Provided data:
##########

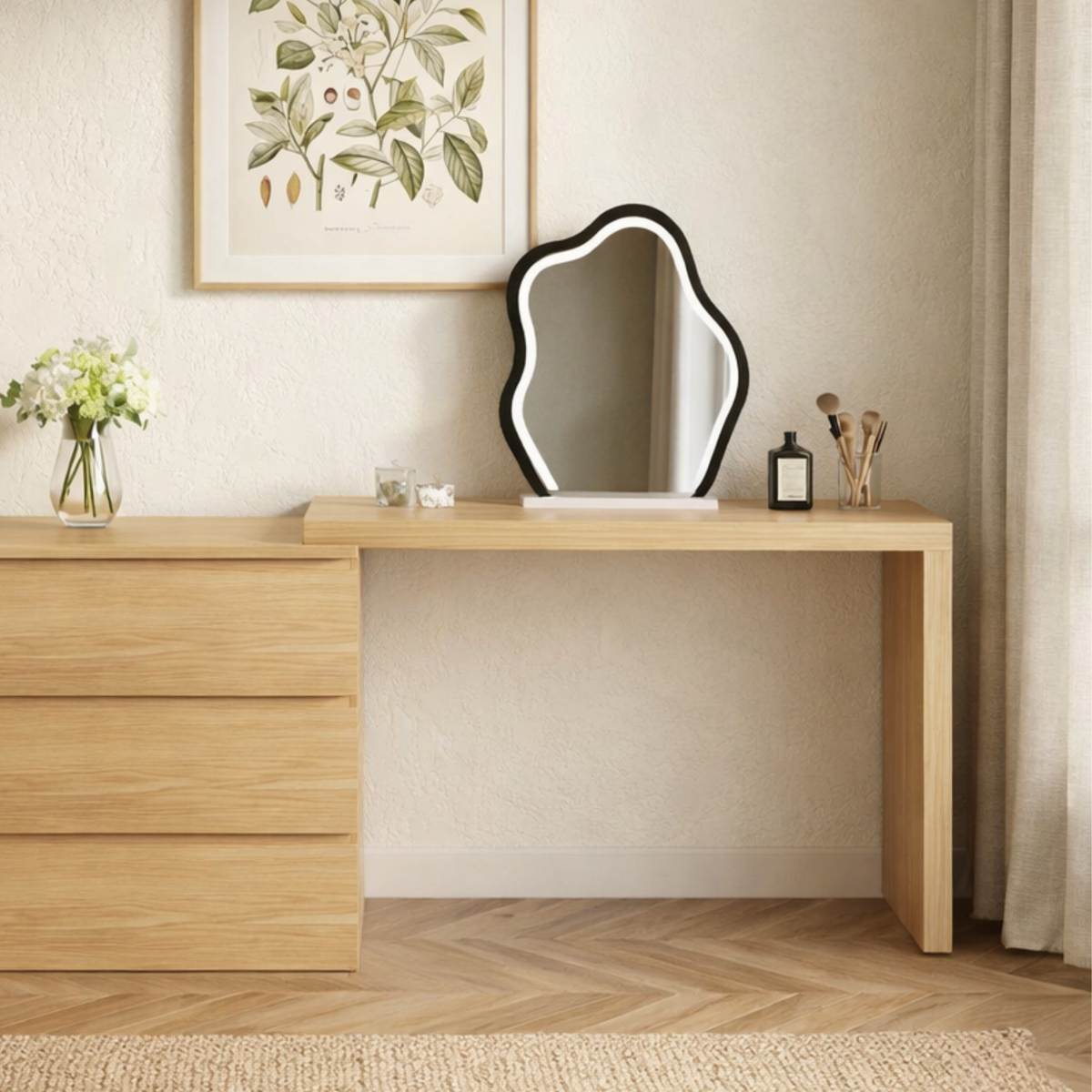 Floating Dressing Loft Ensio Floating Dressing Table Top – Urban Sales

##########

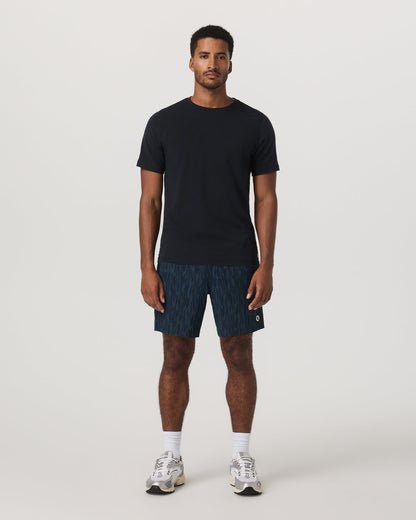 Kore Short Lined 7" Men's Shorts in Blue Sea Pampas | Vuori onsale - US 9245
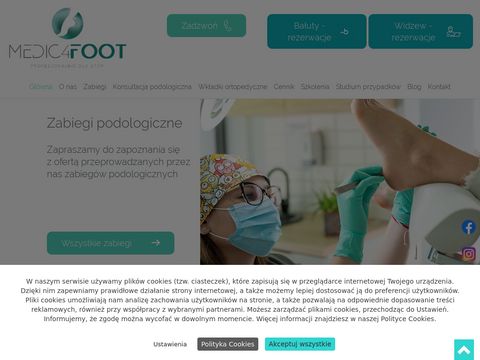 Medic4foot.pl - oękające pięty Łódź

##########

What to do: Starting at the line containing "Kore Short Lined" and stopping at the line containing "Medic4foot.pl - oękające pięty Łódź", output every line above exactly, both ends included, with pictures omitted.

Solved exercise:
 Kore Short Lined 7" Men's Shorts in Blue Sea Pampas | Vuori onsale - US 9245
 Medic4foot.pl - oękające pięty Łódź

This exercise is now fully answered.